======== Material for the task ========
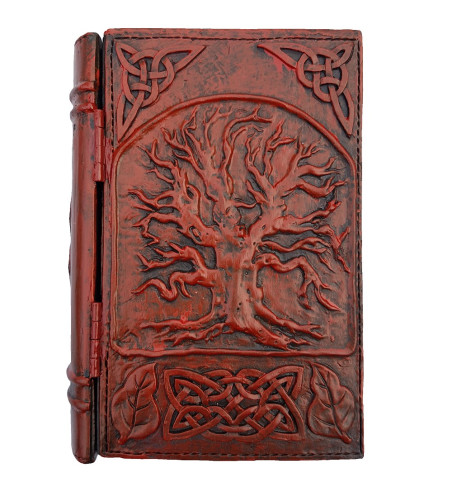 The resin Yggdrasil book box features a raised image of Yggdrasil on the cover.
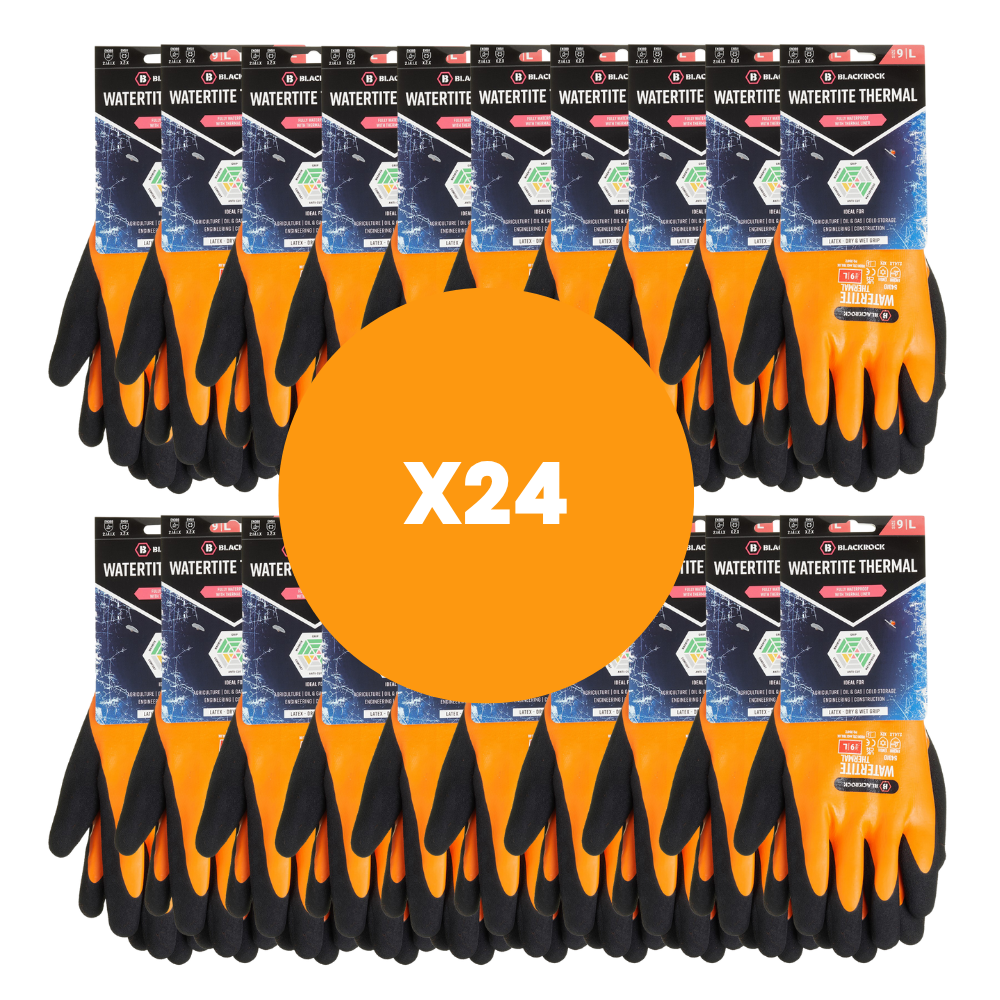 Blackrock Watertite Thermal Gloves Large (24 PACK)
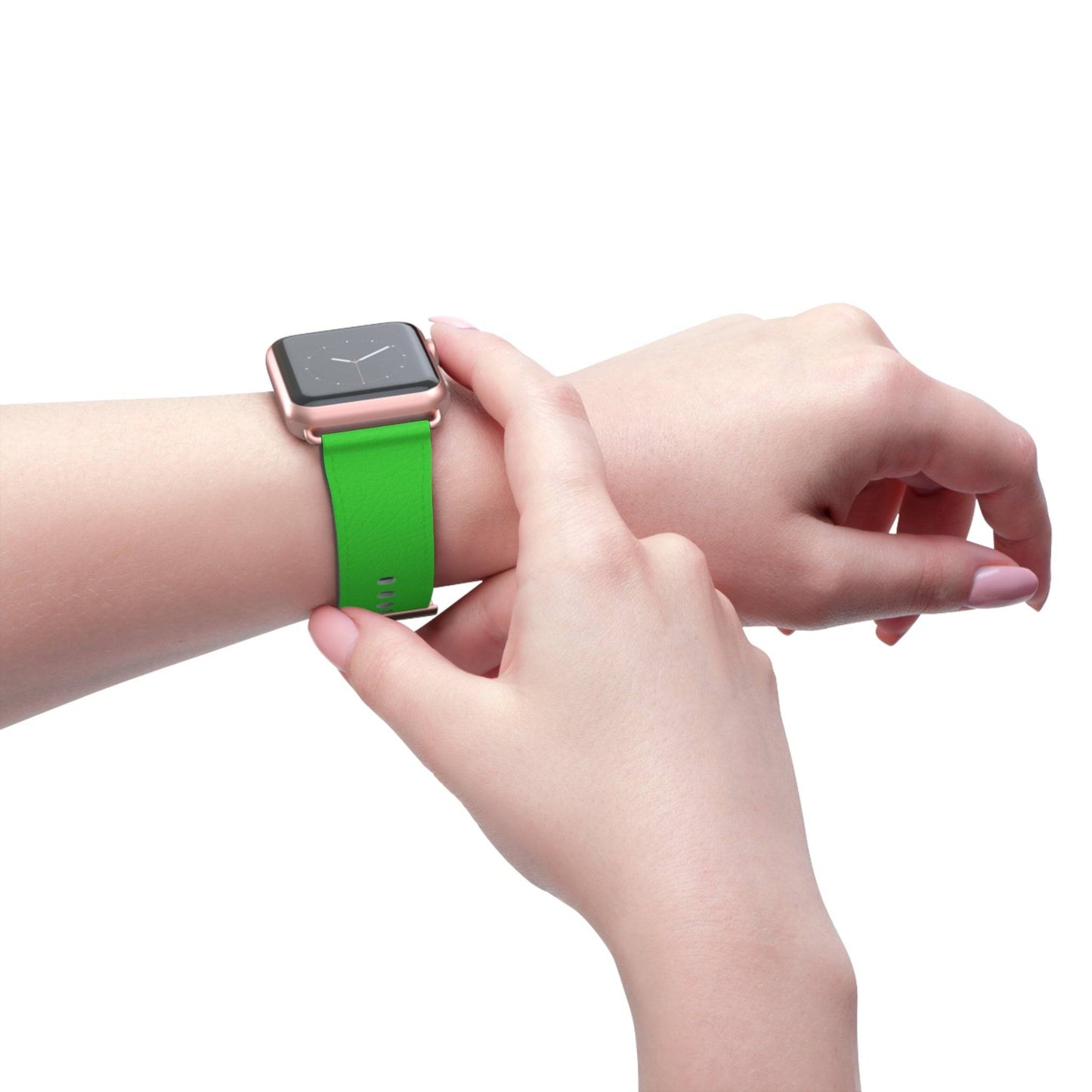 Neon Green Apple® Watch Band - Pantone 802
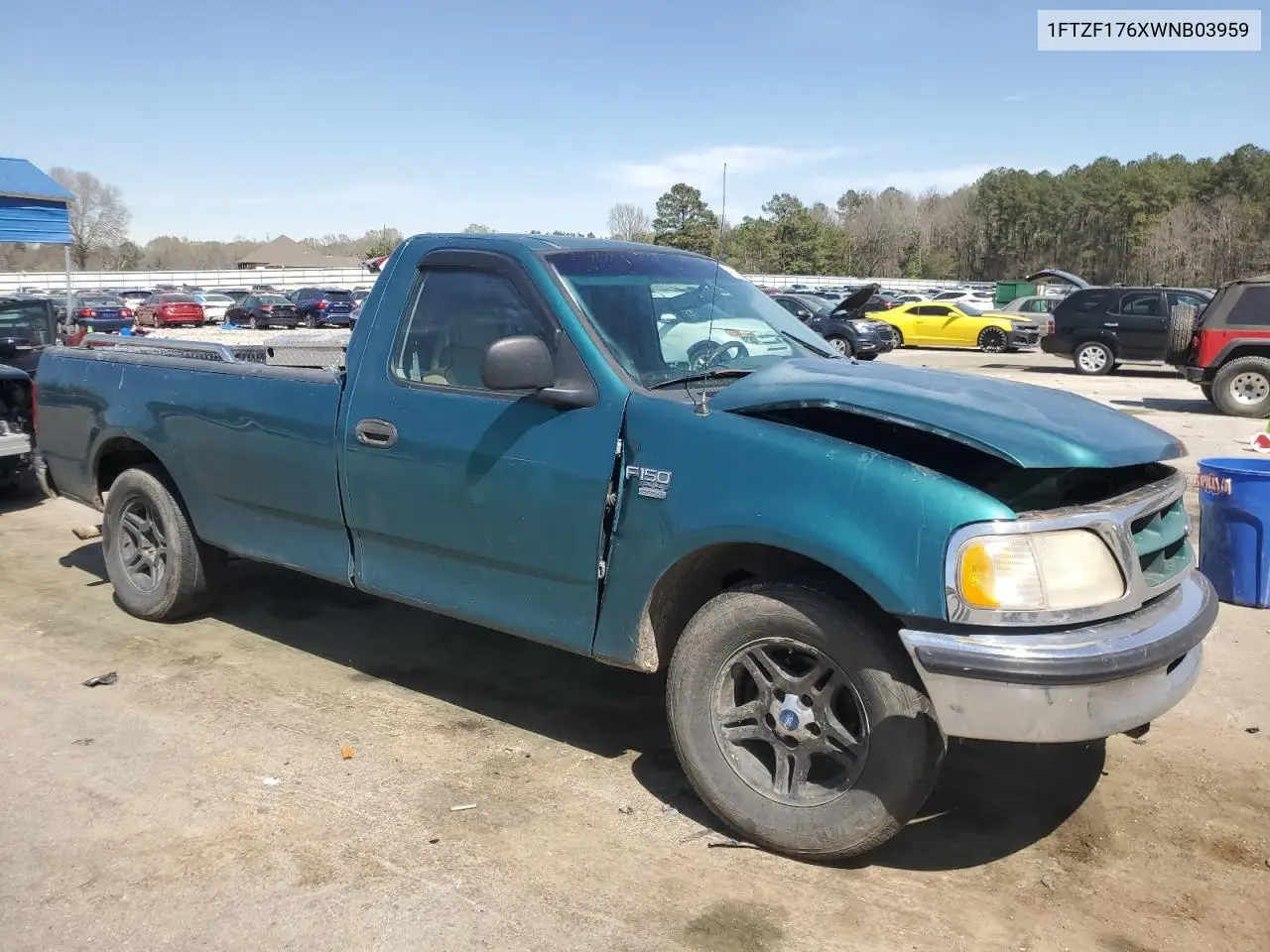 1998 Ford F150 VIN: 1FTZF176XWNB03959 Lot: 49043105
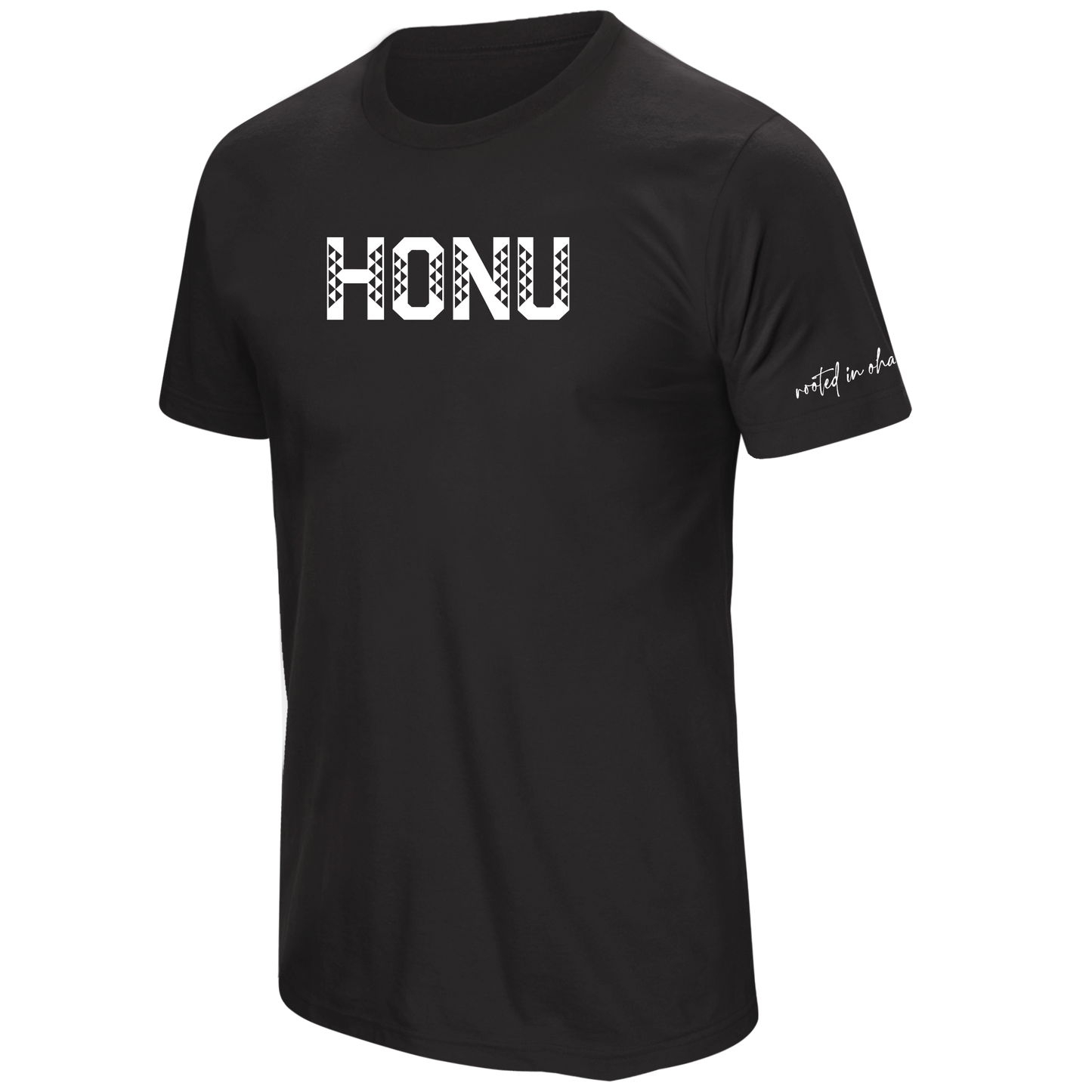 Honu Volleyball Tribal Black Tee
========
--- Work instruction ---
A faithful copy of every entry is needed, omitting each image.

--- Response to this exercise ---
 The resin Yggdrasil book box features a raised image of Yggdrasil on the cover.
 Blackrock Watertite Thermal Gloves Large (24 PACK)
 Neon Green Apple® Watch Band - Pantone 802
 1998 Ford F150 VIN: 1FTZF176XWNB03959 Lot: 49043105
 Honu Volleyball Tribal Black Tee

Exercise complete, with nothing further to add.